In the acute cellular example I gave you I told you about needing more cholesterol for stabilizing the inner mitochondrial membrane to make more ATP (energy). In aging, we need to raise cholesterol for another more dire reason. As we age our cell divides multiple times over the decades. As it does this over and over again it shortens a part of chromosomes called a telomere. This is actually a biomarker for really how old our cell is. But here is the important part. As a cell divides it needs cholesterol to make a new cell and new chromosomes. Cholesterol is found in the nucleus in our chromosomes. It is even bound to our DNA and to the nuclear terroir surrounding our chromosomes. This cholesterol helps to control how a cell’s chromosomes divide. This is called a mitotic spindle. Cholesterol also is needed to activate our genes and their epigenetic switches that turn them on and off. If that cholesterol is not present, chromosomes don’t divide properly and genes get turned on and off at the wrong times. This results in bad signals and sometimes the wrong number of chromosomes. This is called cellular aneuploidy. When this happens we generally see can cancer form in the the cell. This is why we see cancer develop  in older people.  This is also much more common when the LDL cholesterol is low.  This is also why people with lower levels of LDL cholesterol have higher rates of cancer in multiple studies! Even the highly touted Framingham Heart study showed this realtionship  between cancer and low LDL to be true. Ironically, however we still think in medicine a lower cholesterol is somehow better? So as we age the cell’s normal response is to make more cholesterol to make cell division perfectly safe and carefree.  It also help the inner mitochondrial membrane make CO2 and ATP properly.

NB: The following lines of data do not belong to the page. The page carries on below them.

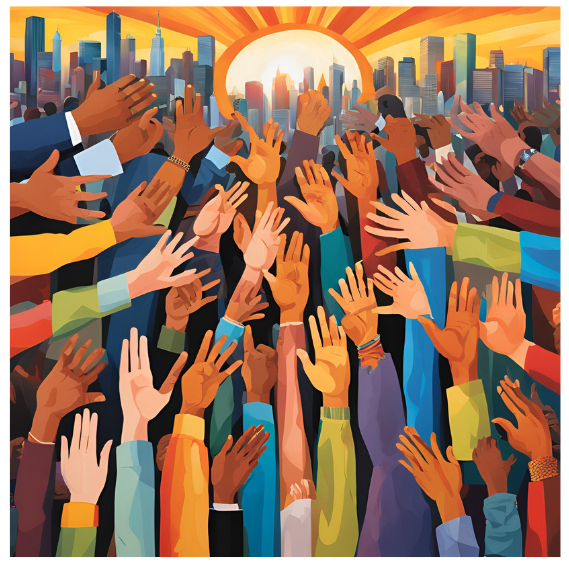 Hands joined, working together in front of a city scene.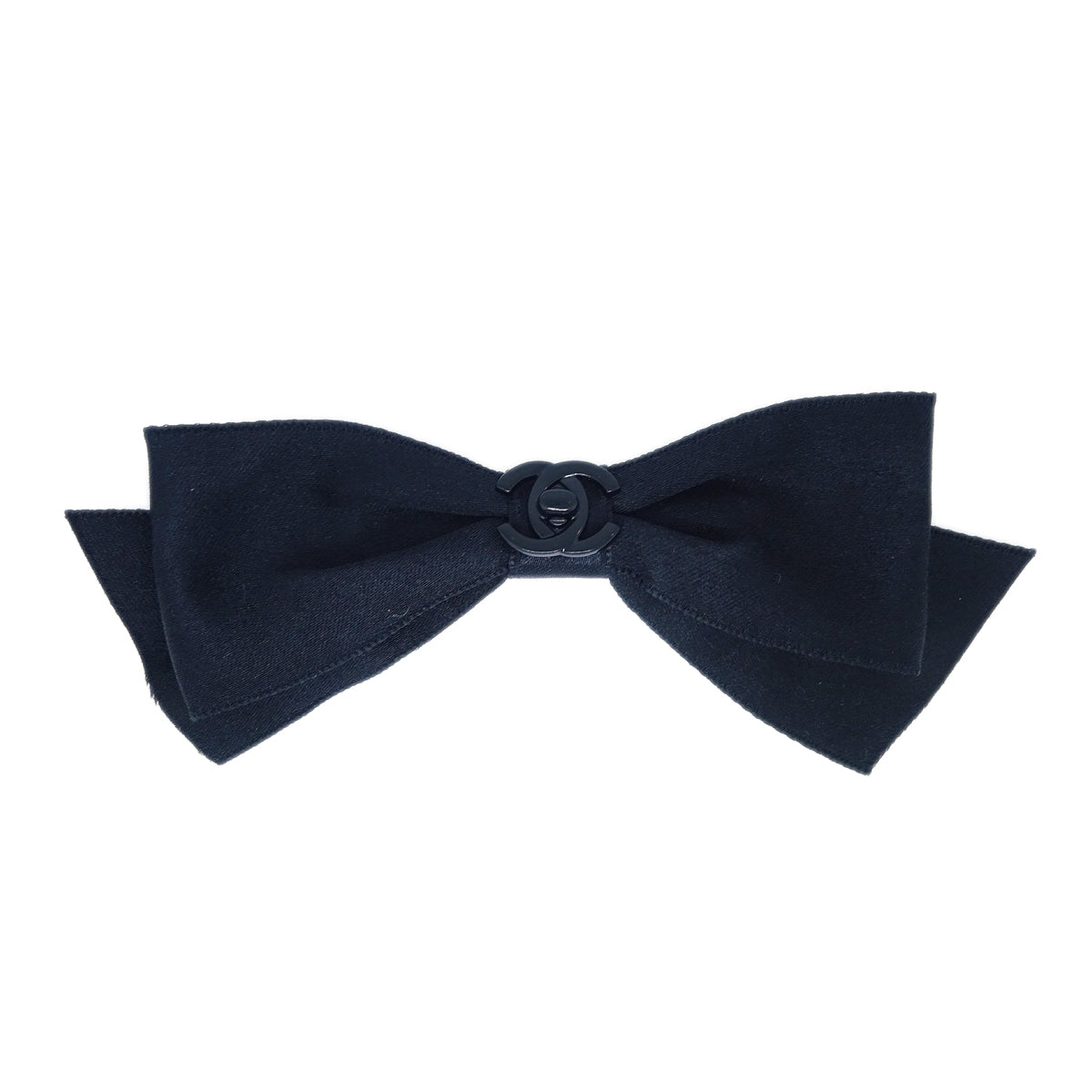 Chanel Turnlock Bow Satin Hair Barrette Black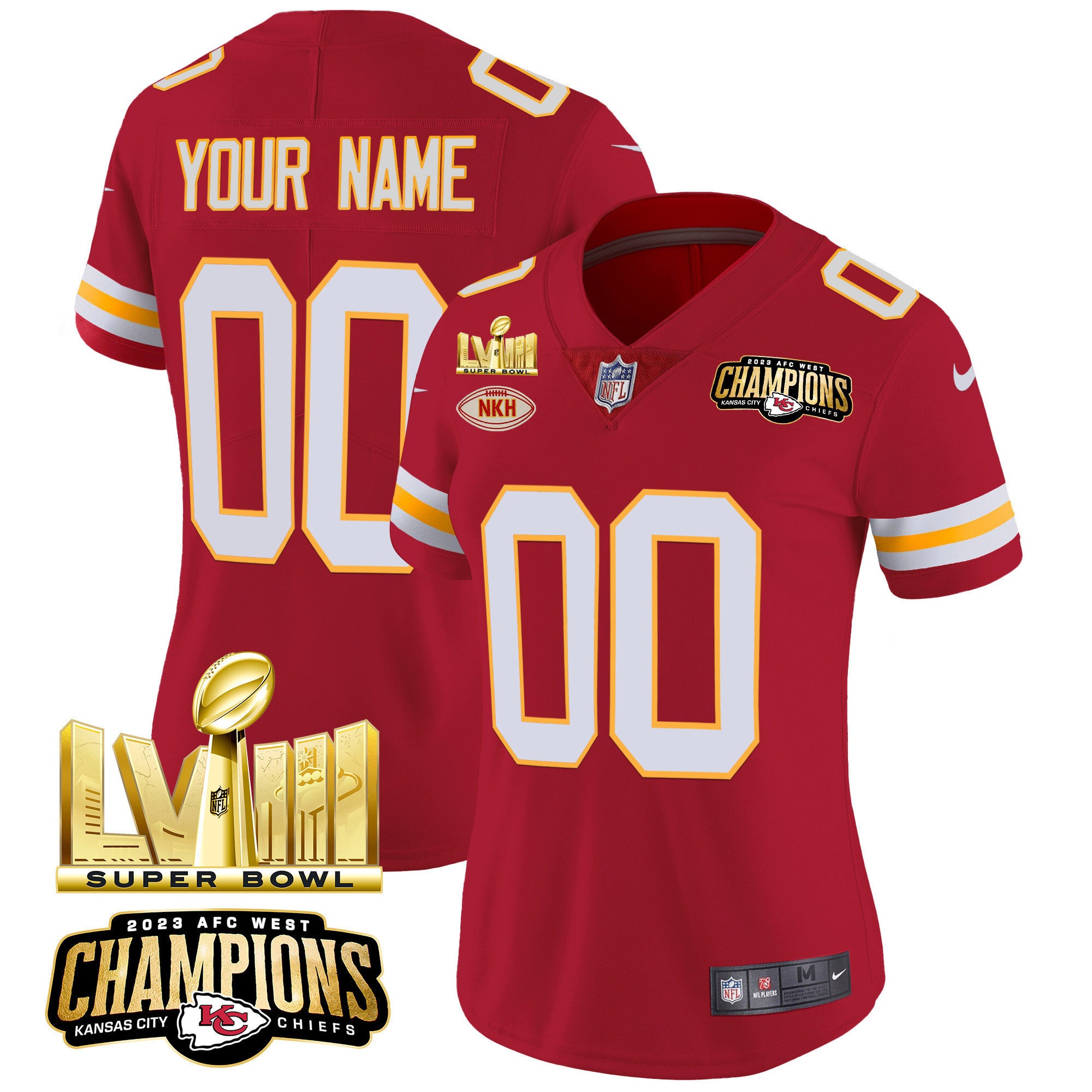 Women's Kansas City Chiefs AFC West Champions & Super Bowl LVIII Gold Patch Vapor Custom Red Jersey - All Stitched
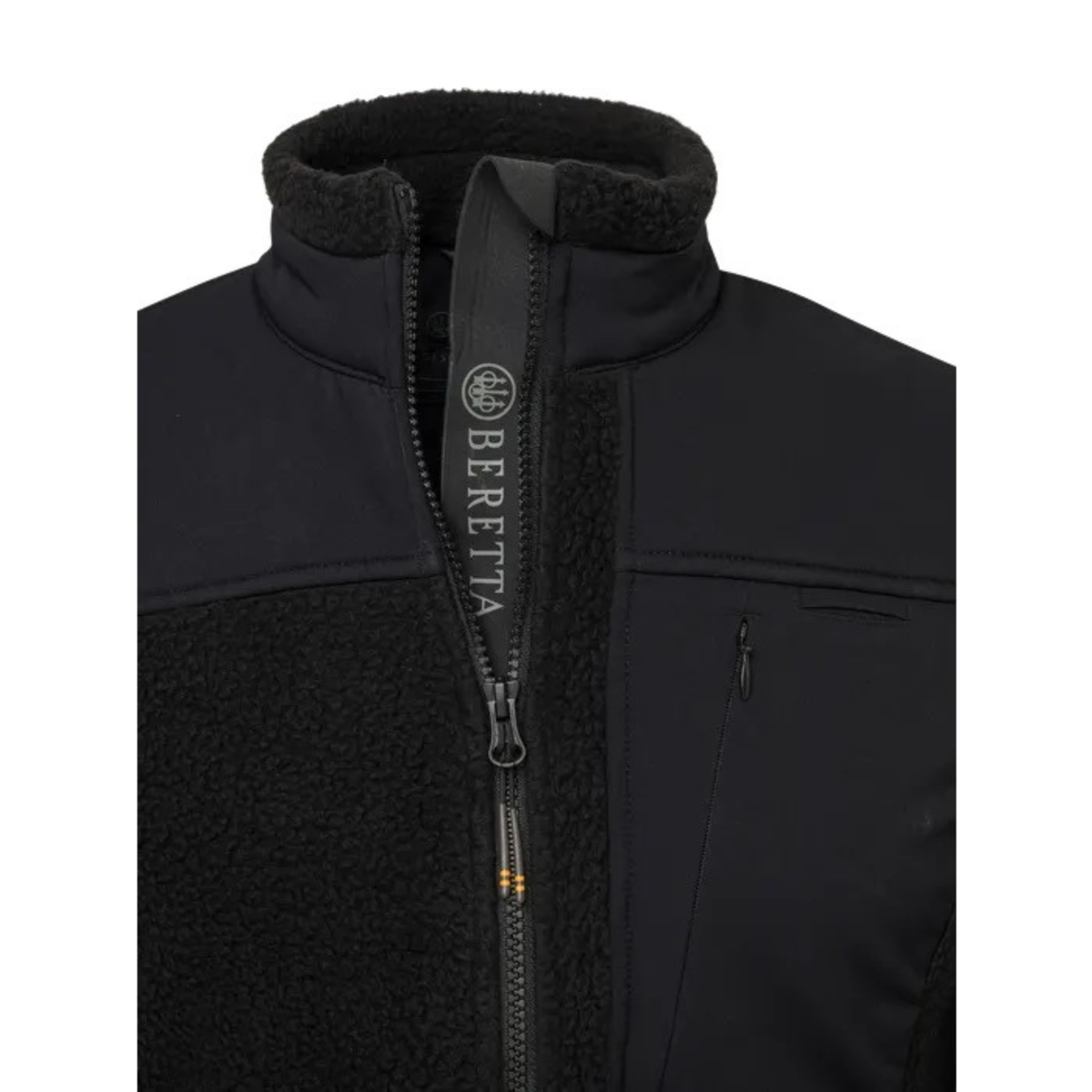 Beretta Halifax Sherpa Fleece Jacket naisten fleece, musta,kuvattuna kauluksesta.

So the moral of this story that when you see something in the cell that is depleted or unregulated normally in response to an acute or chronic stressor you would be wise to pay attention to the cellular biochemistry to dictate what you should consider doing. Cellular signaling and depletions can lead to neolithic diseases. With depletion of magnesium due to high insulin levels we saw how diabetes becomes a problem. With cholesterol depletion acutely and chronically we see how it can lead to heart disease, acute delirium, poor sleep, complete hormonal disruption and if allowed to go on chronically you may eventually get cancer. If you are thinking that incidences of all these diseases has gone up in the last 150 years you are correct. They all go up as we age. So if you choose to do things differently than how most people handle acute and chronic cellular stressors you may exert control over your cellular fates (Levee One). If you pay attention to the cellular levees and protect against them you may never face any of these neolithic diseases. Ponder those thoughts for a while, it could save your life and likely change your DNA too.